(Brief descriptive captions)
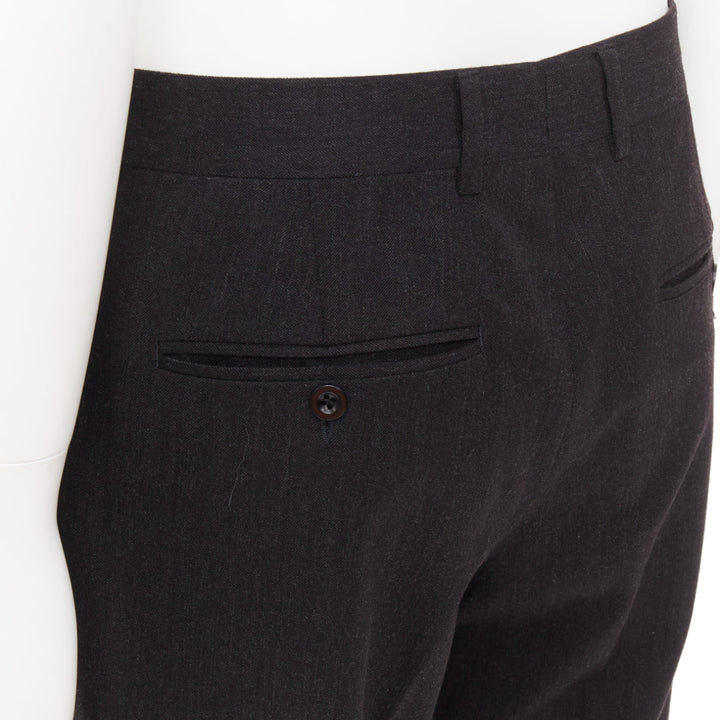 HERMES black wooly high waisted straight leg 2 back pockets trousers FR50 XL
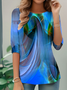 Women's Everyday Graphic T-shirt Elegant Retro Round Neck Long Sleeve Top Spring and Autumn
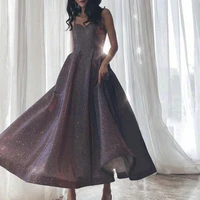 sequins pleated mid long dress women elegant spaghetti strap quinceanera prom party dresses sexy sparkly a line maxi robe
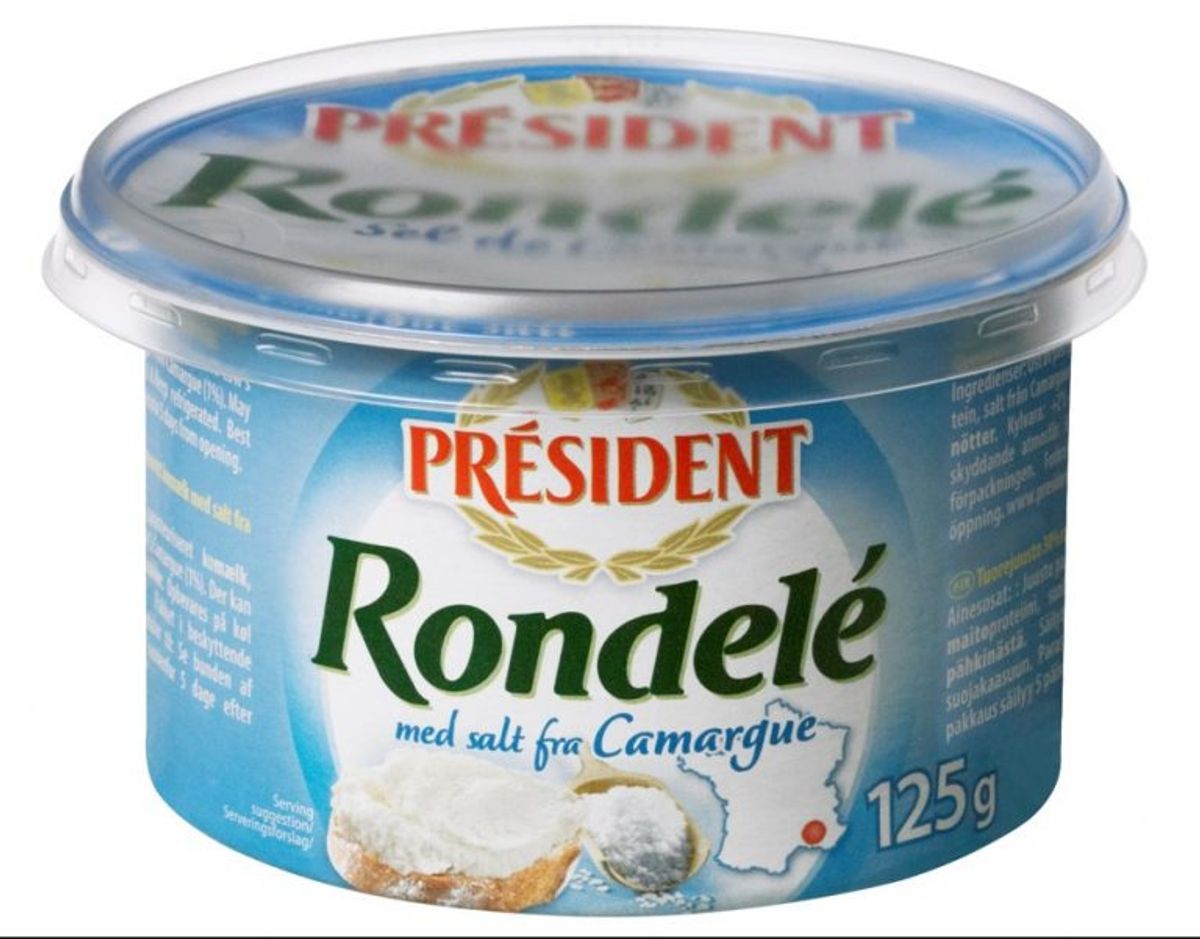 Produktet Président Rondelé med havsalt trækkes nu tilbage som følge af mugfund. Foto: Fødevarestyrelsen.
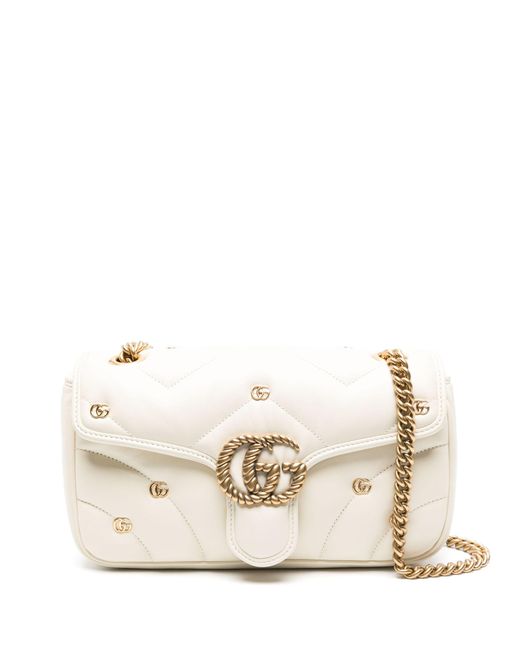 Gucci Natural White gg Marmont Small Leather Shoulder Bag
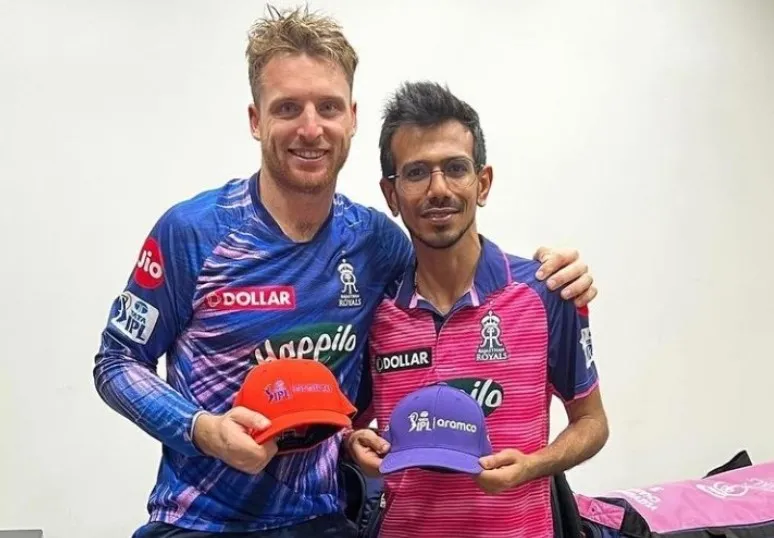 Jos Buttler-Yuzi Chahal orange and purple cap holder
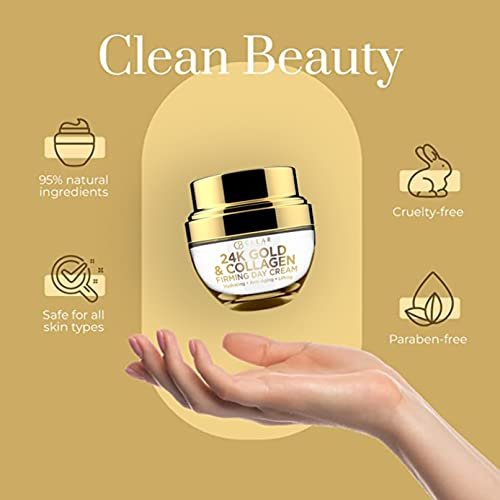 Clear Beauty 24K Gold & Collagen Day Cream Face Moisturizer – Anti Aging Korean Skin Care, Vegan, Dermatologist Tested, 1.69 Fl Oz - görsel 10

:: Work request ::
Omit the pictures and write out the remaining data exactly.

:: Written solution ::
 HERMES black wooly high waisted straight leg 2 back pockets trousers FR50 XL
 Women's Everyday Graphic T-shirt Elegant Retro Round Neck Long Sleeve Top Spring and Autumn
 sequins pleated mid long dress women elegant spaghetti strap quinceanera prom party dresses sexy sparkly a line maxi robe
 Produktet Président Rondelé med havsalt trækkes nu tilbage som følge af mugfund. Foto: Fødevarestyrelsen.
 Gucci Natural White gg Marmont Small Leather Shoulder Bag
 Jos Buttler-Yuzi Chahal orange and purple cap holder
 Clear Beauty 24K Gold & Collagen Day Cream Face Moisturizer – Anti Aging Korean Skin Care, Vegan, Dermatologist Tested, 1.69 Fl Oz - görsel 10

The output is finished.